Question 2. If P and Q are two sets such that P has 40 elements, P ∪ Q has 60 elements and P ∩ Q has 10 elements, how many elements does Q have?

Solution:

n(P) = 40
n(P ∪ Q)= 60
n(P ∩ Q) =10
We know, n(P∪Q) = n(P) + n(Q) – n(P∩Q)
Putting the values we get
60 = 40 + n(Q)–10
60 = 30 + n(Q)
N(Q) = 30
Q has 30 elements.

Question 3. In a school, there are 20 teachers who teach mathematics or physics. Of these, 12 teach mathematics, and 4 teach physics and mathematics. How many teach physics?

Solution:



Teachers teaching physics or math = 20
Teachers teaching physics and math = 4
Teachers teaching maths = 12
Let teachers who teach physics be ‘n(P)’ and for Maths be ‘n(M)’
20 teachers who teach physics or math = n (P ∪ M) = 20
4 teachers who teach physics and math = n (P ∩ M) = 4
12 teachers who teach maths = n (M) = 12
We know the formula
n (P ∪ M) = n (M) + n (P) – n (P ∩ M)
Putting the values we get,
20 = 12 + n (P) – 4
20 = 8 + n (P)
n (P) =12
There are 12 physics teachers.

Question 4. In a group of 70 people, 37 like coffee, 52 like tea and each person likes at least one of the two drinks. How many like both coffee and tea?

Solution:

Total number of people = 70
Number of people who like Coffee = n(C) = 37
Number of people who like Tea = n(T) = 52
Total number = n(C∪T) = 70
Person who likes both would be n(C∩T)
We know as formula
n(C∪T) = n(C) + n(T) – n(C ∩ T)
Putting the values we get
70 = 37 + 52 – n (C ∩ T)
70 = 89 – n (C ∩ T)
n(C∩T)=19

Question 5. Let A and B be two sets such that: n (A) = 20, n (A ∪ B) = 42 and n (A ∩ B) = 4. Find

(i) n (B)

Solution:

n (A ∪ B) = n (A) + n (B) – n (A ∩ B)
(As we know the formula)
Putting the values we get
42 = 20 + n (B) – 4
42 = 16 + n (B)
n(B) = 26
n(B) = 26

(ii) n (A – B)

Solution:

We know, the formula
n(A – B) = n (A ∪ B) – n (B)
Putting the values we get
n(A – B) = 42 – 26
= 16

(iii) n (B – A)

n(B – A) = n(B) – n(A ∩ B)
Putting the values we get
n(B – A) = 26 – 4 = 22
n(B–A) = 22



Question 6. A survey shows that 76% of the Indians like oranges, whereas 62% like bananas. What percentage of the Indians like both oranges and bananas?

Solution:

According to question
People who like oranges = 76%
People who like bananas = 62%
Let assume that people who like oranges be n(O)
Let assume that people who like bananas be n(B)
Total number of people who like oranges or bananas = n (O ∪ B) = 100
People who like both oranges and bananas = n (O ∩ B)
We know the formula
n(O∪B) = n(O) + n(B) – n(O ∩ B)
Substituting the values we get
100 = 76 + 62 – n (O ∩ B)
100 = 138 – n (O ∩ B)
n(O∩B) = 38

Question 7. In a group of 950 persons, 750 can speak Hindi, and 460 can speak English. Find:

(i) How many can speak both Hindi and English.

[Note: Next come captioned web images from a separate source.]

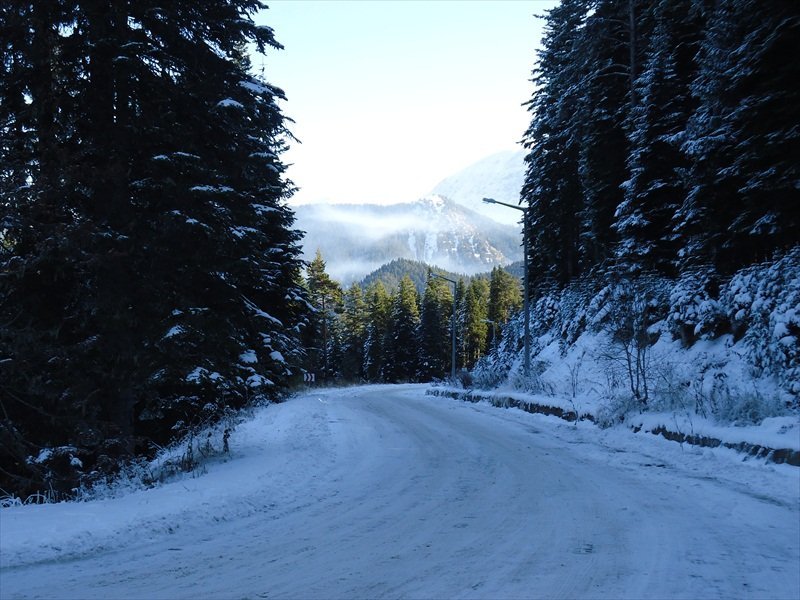 Ilgaz.jpg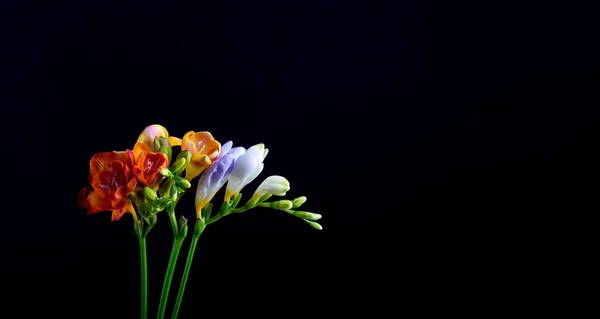 Prachtige fresia's bloemen boeket geïsoleerd op zwart — Stockfoto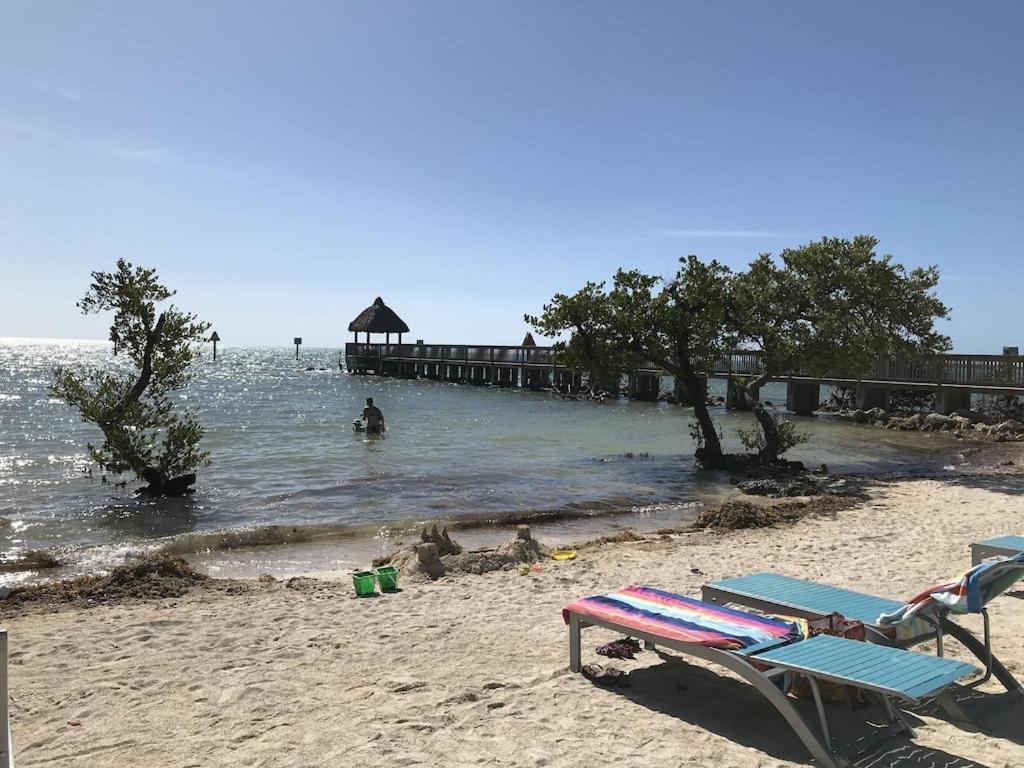Tropical Daze Oceanfront Paradise Tavernier Exterior foto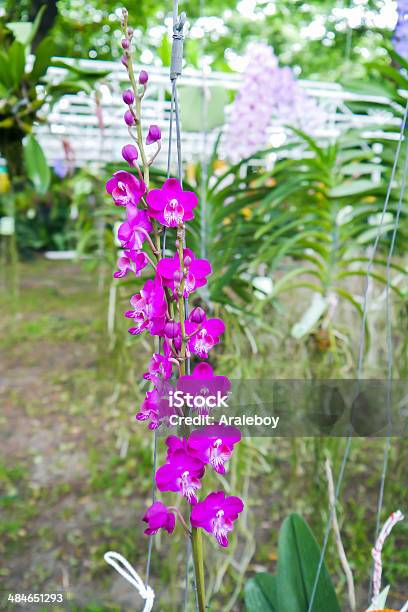 Colorful Orchid Stock Photo - Download Image Now - Buddha, Magenta, Moth Orchid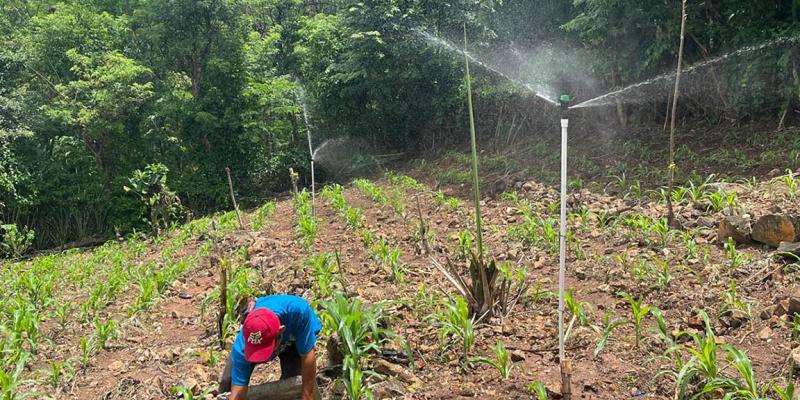 Riego fortalece la producción agrícola de 85 familias en Camotán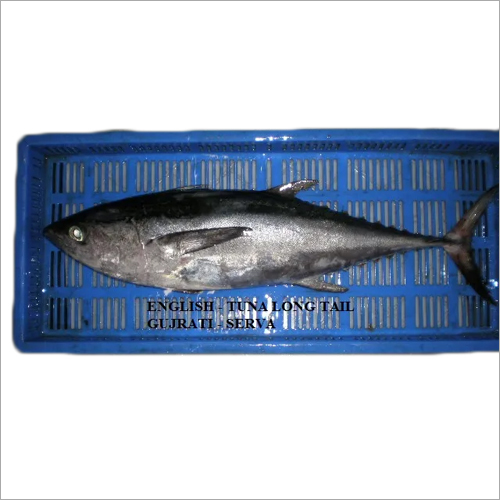 लॉन्ग टेल टूना फिश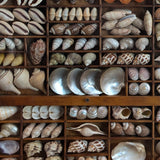 Exceptional Vintage Printer's Tray Seashell Display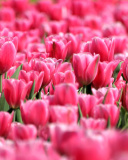 Das Pink Tulips in Holland Festival Wallpaper 128x160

(ii) How many can speak Hindi only.

(iii) how many can speak English only.

Solution:

Let, total number of people be n (P) = 950
People who can speak English n (E) = 460
People who can speak Hindi n (H) = 750
Given in the question:
(i) People who can speak both Hindi and English = n (H ∩ E)
We know the formula
n(P) = n(E) + n(H) – n(H ∩ E)
Putting the values
950 = 460 + 750 – n (H ∩ E)
950 = 1210 – n(H∩E)
n(H ∩ E) = 260
Number of people who can speak both English and Hindi are 260.

(ii) H is disjoint union of n(H–E) and n(H ∩ E).
(If A and B are disjoint then n (A ∪ B) = n (A) + n (B))
H = n (H–E) ∪ n (H ∩ E)
n (H) = n (H–E) + n (H ∩ E)
750 = n(H – E) + 260
n(H–E) = 490
490 people can speak only Hindi.

(iii) How many can speak English only. (According to Question)
E is disjoint union of n (E–H) and n (H ∩ E)
(If A and B are disjoint then n (A ∪ B) = n (A) + n (B))
E = n(E–H) ∪ n(H ∩ E).
n(E) = n(E–H) + n(H ∩ E).
460 = n(H – E) + 260
n H–E) = 460 – 260 = 200
200 people can speak only English.

Question 8. A survey shows that 76% of the Indians like oranges, whereas 62% bananas. What percentage of Indians like both oranges and bananas?

Solution:

Let assume that n(p) denote total percentage of Indian. 
n(o) denotes the percentage of who like oranges.(let)
n(B) denotes the percentage of who like banana. (let)
n(p) = 100 n(O)=76 n(B)=62
We need to find n(O∩B)
n(p) = n(O)+n(B) – n(O∩B)
100 = 76 + 62 – n(O∩B)
n(O∩B) = 138 – 100
= 38

Question 9. In a group of 950 people, 750 can speak Hindi, and 460  can speak English. Find

(i) How many can speak both Hindi and English?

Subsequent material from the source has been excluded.